There are 12 nodes here and 2 have been copied. The other 10 nodes are still shared between the modified tree and the clone. Next, if you add an item to node 0x6, only that one node has to be thawed; the root has already been thawed and there is no need to make another copy of it. Due to the random nature of hashcodes, it is probable that as you modify the set after cloning it, it is typical for each modification to require approximately one node to be thawed, until the majority of the nodes have been thawed.

InternalSet does not thaw unnecessarily. If you try to remove an item that is not present, none of the tree will be thawed. If you add an item that is already present in a frozen node (and you do not ask for replacement), that node will not be thawed. Contains and Find never cause thawing.

I am not aware whether a data structure quite like this has been described in the comp-sci literature or not (although it probably has). If you see something like this in a paper, let me know.

When attempting to insert a new item in a node, the first available empty slot will be used; and when searching for an item, the search stops at an empty slot. For example, suppose that the root node contains these items:

                    |0|1|2|3|4|5|6|7|8|9|A|B|C|D|E|F|
_root ==> _items    |A| |C| |E|F| | |I| |K|L| |N| | |

Now suppose that you are searching for, or adding, or an item 'D' whose hashcode ends with '3'. Slot 3 is empty, and this data structure works in such a way that the search for 'D' can end immediately with a result of 'false', or it can be added at slot 2 immediately without comparing 'D' with slots 4, 5 and 6 which (if 2 were not empty) might already contain 'D'.

The reasoning behind this rule is that if 'D' already existed in the set, slot 2 should not be empty; since it is empty, 'D' must not be in the set already.

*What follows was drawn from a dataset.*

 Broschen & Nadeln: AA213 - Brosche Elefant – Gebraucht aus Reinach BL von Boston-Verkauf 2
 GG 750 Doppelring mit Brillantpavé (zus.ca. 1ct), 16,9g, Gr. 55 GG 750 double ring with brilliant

However, deletions could violate this logic. For example, imagine that we add two items, first 'd' and then 'D', which both have a hashcode that ends in '3'. Then the node would look like this:

                    |0|1|2|3|4|5|6|7|8|9|A|B|C|D|E|F|
_root ==> _items    |A| |C|d|E|F|D| |I| |K|L| |N| | |

Next, you delete 'd'. Imagine that this leaves the node in the following state:

                    |0|1|2|3|4|5|6|7|8|9|A|B|C|D|E|F|
_root ==> _items    |A| |C| |E|F|D| |I| |K|L| |N| | |

Now 'D' is left outside its 'home' location of 3. If you then attempt to add 'D' to the set, a duplicate copy would be added at position '3'! Or if you search for 'D' instead, the result would be 'false' even though D is present in the set.

I thought of two solutions to this problem; the first was to 'fix' the node after a deletion so that 'D' would move from slot 6 to 3. But there's a big problem with this solution because InternalSet<T>.Enumerator has a RemoveCurrent() method which is supposed to delete the current item and move to the next one. If the node had to be rearranged in response to a deletion, it would be very difficult to guarantee that the enumerator still returns each item in the set exactly once.

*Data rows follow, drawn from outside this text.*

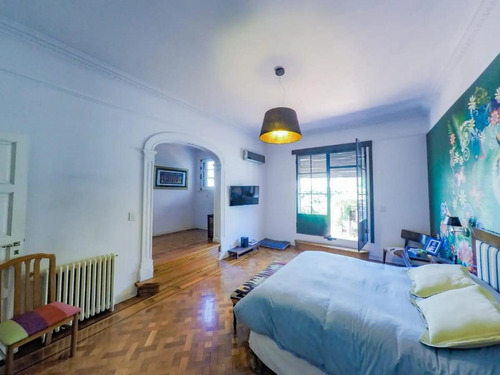Casa En Venta - 5 Dormitorios 4 Baños - Cochera - 600mts2 - Caballito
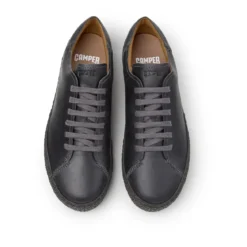 Camper Der Peu Terreno ist ein lässiger Schuh mit Rundumn mittel-grau Low-Top-Sneaker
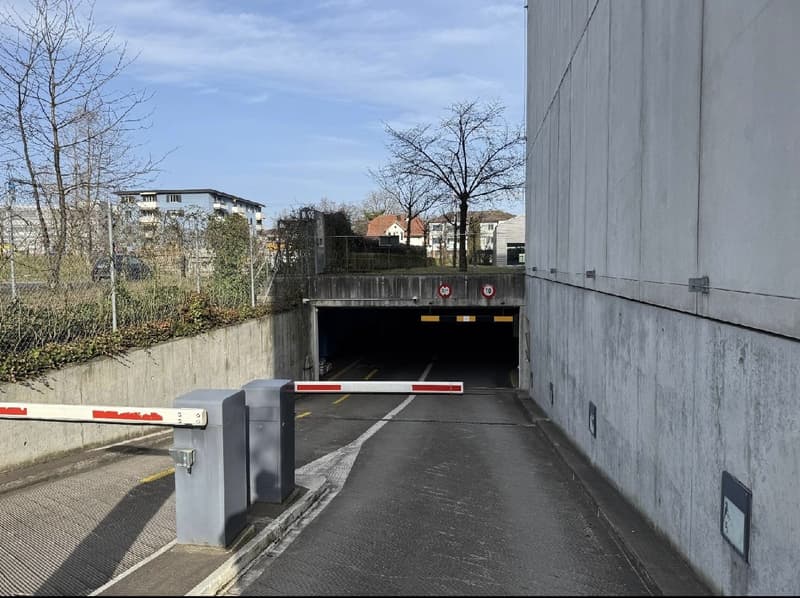 TIEFGARAGEN PARKPLÄTZE IN ADLISWIL, ZÜRICH / AB 2.- CHF/H / AB 200.- CHF/MONAT (1)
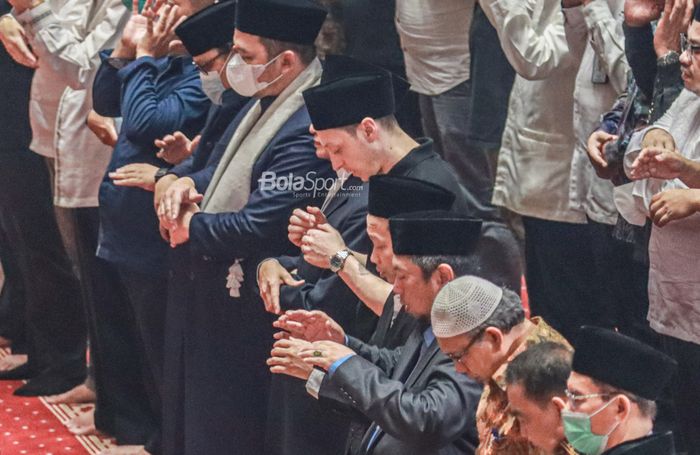 Momen Mesut Ozil sedang sholat Jumat di Masjid Istiqlal, Jakarta, 27 Mei 2022.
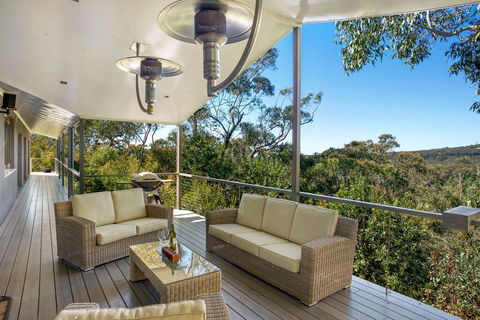 Arana Wentworth Falls - Sunshine Coast Tourism 0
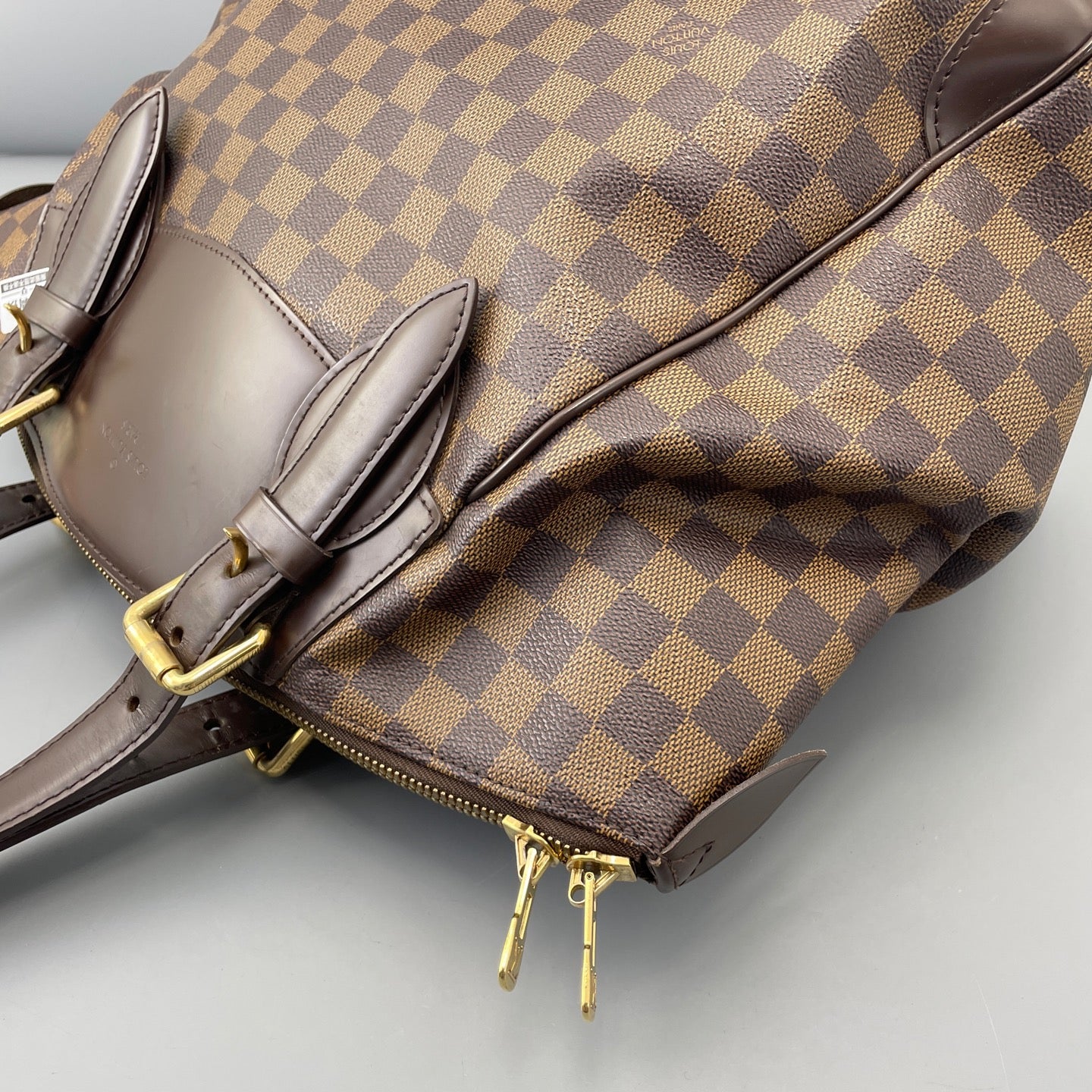 Louis Vuitton - Other - Leather - Brown - (medium)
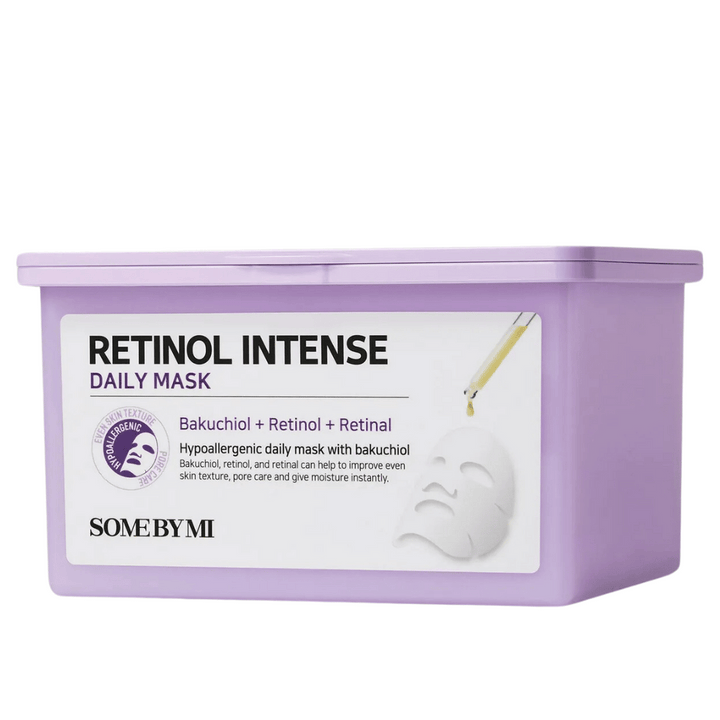 Cette image montre Some By Mi
"Retinol Intense Daily Mask." Ce masque facial quotidien contient du bakuchiol, du rétinol et du rétinal, qui aident à améliorer la texture de la peau, à minimiser les pores et à hydrater. Le produit est hypoallergénique et conçu pour une utilisation quotidienne.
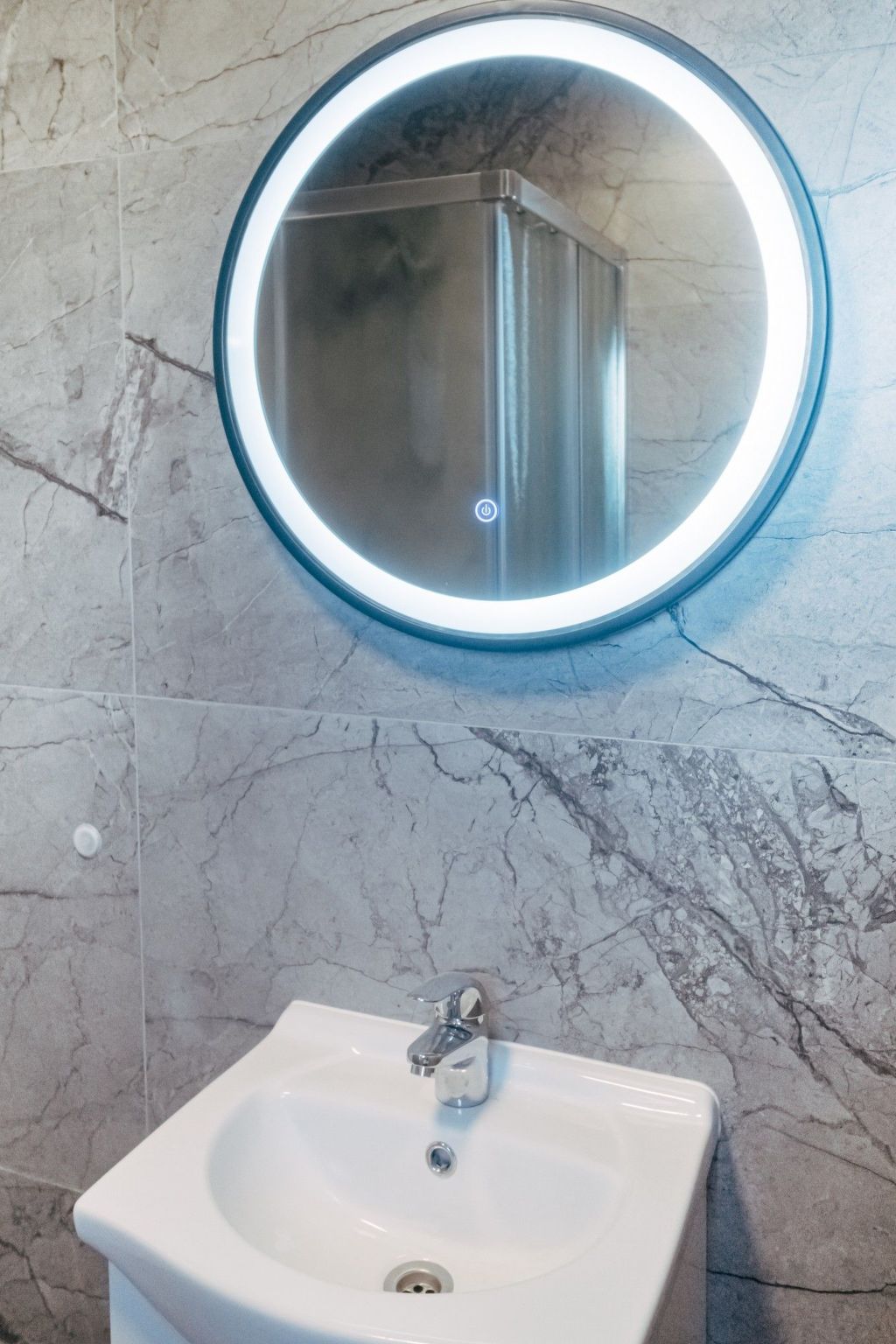 "Esthera 5"-Image-tags.info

The second solution, which I actually implemented, puts a special "deleted" marker in slot 3 (denoted ! on the first diagram). This marker forces the search routine to compare the item being added or searched for with other slots beyond the current one, but otherwise it behaves like an empty slot.

There is a third solution–always check all four possible slots. But the comparison is not always cheap, so InternalSet<T> does not use this solution unless you are using null as the value of the IEqualityComparer<T>.

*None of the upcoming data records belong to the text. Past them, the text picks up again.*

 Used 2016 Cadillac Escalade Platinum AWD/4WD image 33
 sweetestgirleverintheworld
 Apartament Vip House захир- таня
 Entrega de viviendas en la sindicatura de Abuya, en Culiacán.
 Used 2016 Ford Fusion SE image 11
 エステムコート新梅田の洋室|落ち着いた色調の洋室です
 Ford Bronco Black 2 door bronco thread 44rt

Since InternalSet<T> can hold any value of type T, the "deleted" and "empty/in use" indicators cannot physically be stored in the slots of type T. Instead, these indicators are stored separately, with 16 bits for "deleted" flags and 16 bits for "used" flags.

During a normal delete operation, if a node has no children and is using only one or two slots after an item is deleted, the parent is checked for empty slots to find out whether the child is really necessary. If there are enough free slot(s) in the parent node, the remaining items in the child are transferred back back to the parent and the child is deleted (the reference to it is cleared to null).

Unfortunately, this behavior is not available when you call Enumerator.RemoveCurrent. In order to maintain the integrity of the enumerator, a child node will not be deleted during a call to RemoveCurrent unless the node is completely empty after the removal. Consequently, the tree will use extra memory if you remove most, but not all, items from the set using RemoveCurrent.

By the way, unlike the original implementation, this version of InternalSet allows 'null' to be a member of the set.

Interesting fact: it is possible for two sets to be equal (contain the same items), and yet for those items to be enumerated in different orders in the two sets.

Nested classes
struct	Enumerator

Public fields
Node	_root

Public static fields
static readonly InternalSet< T >	Empty = new InternalSet<T> { _root = FrozenEmptyRoot() }
	An empty set. More...

static readonly IEqualityComparer< T >	DefaultComparer = typeof(IReferenceEquatable).IsAssignableFrom(typeof(T)) ? null : EqualityComparer<T>.Default
	This is EqualityComparer<T>.Default, or null if T implements IReferenceEquatable. More...

const int	BitsPerLevel = 4

const int	FanOut = 1 << BitsPerLevel

const int	Mask = FanOut - 1

const int	MaxDepth = 7

const uint	FlagMask = (uint)((1L << FanOut) - 1)

const int	CounterPerChild = FanOut << 1

const short	OverflowFlag = 1 << 12

static readonly OnFoundExisting	AddIfNotPresent = _IgnoreExisting_

static readonly OnFoundExisting	AddOrReplace = _ReplaceExisting_

static readonly OnFoundExisting	RemoveMode = _DeleteExisting_

static Enumerator	_setOperationEnumerator

Properties
bool	IsRootFrozen `[get]`

bool	HasRoot `[get]`

Public Member Functions
	InternalSet (IEnumerable< T > list, IEqualityComparer< T > comparer, out int count)

	InternalSet (IEnumerable< T > list, IEqualityComparer< T > comparer)

int	GetSetHashCode (IEqualityComparer< T > comparer)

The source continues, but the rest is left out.